‘Omuz omuza...’- Ergin Yıldızoğlu

Bu deneyimler bize ırkçılıkla/faşizmle mücadelenin bireysel, grupsal değil birleşik bir toplumsal, tarihsel sorumluluk olduğunu gösteriyor. Diğer taraftan, unutmamak gerekir ki bu “birlikler ve direnişler” her zaman geleceğin tohumlarını taşıyor, yeni bir dünya umudunu besliyor. Faşizme karşı omuz omuza!

  • Haber
  • |
  • Basın derleme
  • |
  • 12 Ağustos 2024
  • 13:29

Geçtiğimiz çarşamba günü, Britanya’da halk sınıfları ve sosyalist hareket, tarihsel geleneğine yakışır bir antifaşist direniş sergiledi.

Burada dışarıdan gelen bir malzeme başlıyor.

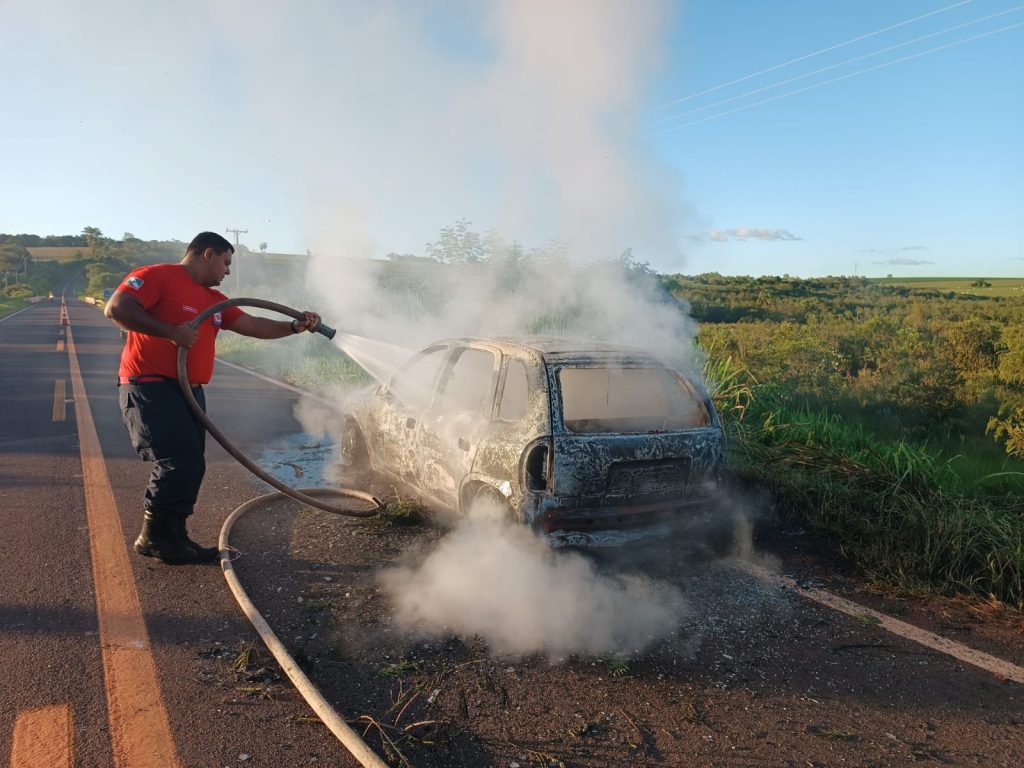 Corsa Wind é tomado pelas chamas na PR-490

Faşizmin balonu bir günde söndü

Faşist (ırkı yerlici) serseriler, 30 Ağustos günü yaşanan bir trajediye ilişkin yalan haberi bahane ederek bir hafta boyunca toplumu, özellikle de Müslüman cemaatleri her gün giderek artan sayıda saldırı ve pogrom denemeleriyle, sık sık polisle de çatışarak terörize etmeye çalıştılar. Tekno faşist Elon Musk “İç savaş kaçınılmaz” diyordu.

Faşist hareket, bu kalkışma sürecini, 7 Ağustos Çarşamba günü 100’den fazla noktada göçmenlere yardımcı olan kuruluşlara ve avukatlara, camilere saldırılar düzenleyerek yeni bir düzeye taşımaya hazırlanıyordu. 

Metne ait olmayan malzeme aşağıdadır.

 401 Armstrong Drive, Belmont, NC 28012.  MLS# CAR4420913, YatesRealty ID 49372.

Ancak faşist serserilerin hesabı sokağa uymadı. Musk’ın hevesi kursağında kaldı. Çarşamba o adı geçen 100 noktada, faşist serserilerin izine rastlanmıyordu. Çünkü 14 kentte toplam 40 bin kişiye yakın, her etnik kökenden, inançtan, kadınlı erkekli bir antifaşist kitle, “omuz omuza” sokaklardaydı. 

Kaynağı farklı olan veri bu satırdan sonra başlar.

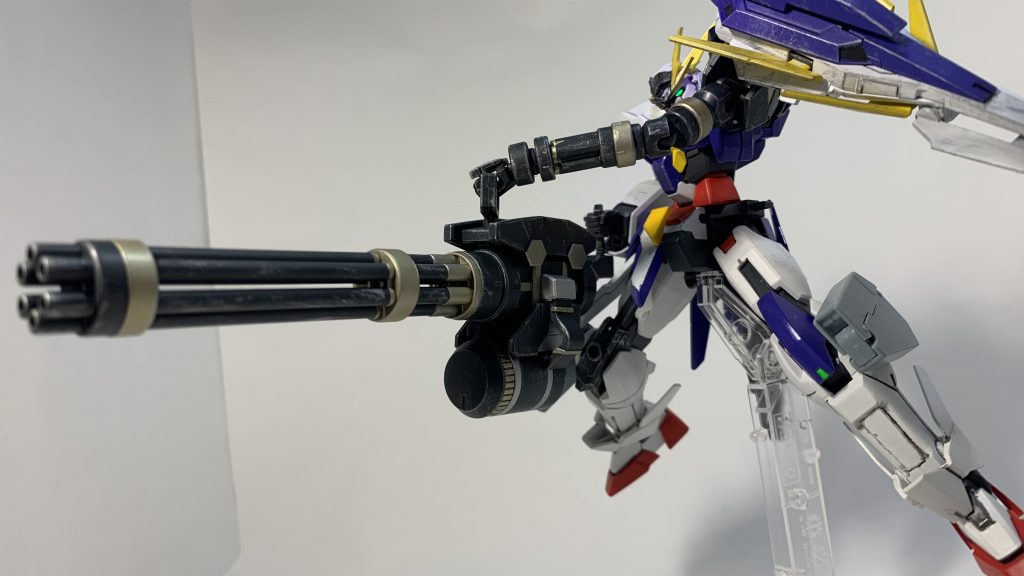 いくつかポージング。ガトリング掃射してみたり。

Faşizme karşı dayanışma, direniş eylemleri o kadar etkileticiydi ki muhafazakâr partiyi destekleyen sağcı tabloid gazeteler bile bu yükselen dalganın etkisinden kurtulamadılar. On yıllardır halkı ırkçı yalanlarla göçmenlere karşı kışkırtan bu gazeteler, örneğin Express ve Mail direnişi kapaktan tam sayfa olarak “Nefret karşıtı yürüyüşçüler haydutlarla yüzleşti”“Birleşmiş Britanya halkının serseriler karşısında kararlı duruşu” başlıklarıyla vermek zorunda kaldılar. Muhafazakâr The Times’ın editoryal karikatüründe, köşeye sığınmış bir faşist serseri korku içinde telefonunda “Elon sanırım bunlar bizden daha kalabalık” diyordu. Bir Financial Times analizi, antifaşist direnişe değinmiyordu ama Farage gibi faşist politikacıların “Ama bunların kaygılarına kulak vermek gerekir” çağrılarını anlamsız buluyordu. Her ne kadar İşçi Partisi’nden Başbakan Keir Starmer, yalnızca polisiye önlemlerin başarısını vurgulamakla yetindiyse de polis şefi, bu barışçıl direnişin önemini vurguluyor ve yerel cemaatlere teşekkür ediyordu. Halkın gücü, siyasetin ve medyanın anlatısını değiştirmeye zorlamıştı. Cumartesi günün faşizme karşı direniş devam ediyordu. Belfast’ta 15 bin olmak üzere tüm Birleşik Krallık’ta yaklaşık 60 bin kişi, ırkçılığa karşı sokaklardaydı.

Faşizme karşı birlik esas!

Antifaşist direnişin, tüm toplumu hatta “kurulu düzeni” bu kadar etkileyen bir çekim alanı yaratmasının nedeni farklı sınıfsal, etnik kökenlerden, inançlardan insanların ortak bir tehlike karşısında ortak bir paydada buluşabileceklerini kanıtlamalarıydı. Britanya işçi sınıfının ve sosyalist hareketin tarihindeki iki deneyim de “süreç olarak faşizmi” durdurmanın tek bir yolu olduğunu gösteriyordu.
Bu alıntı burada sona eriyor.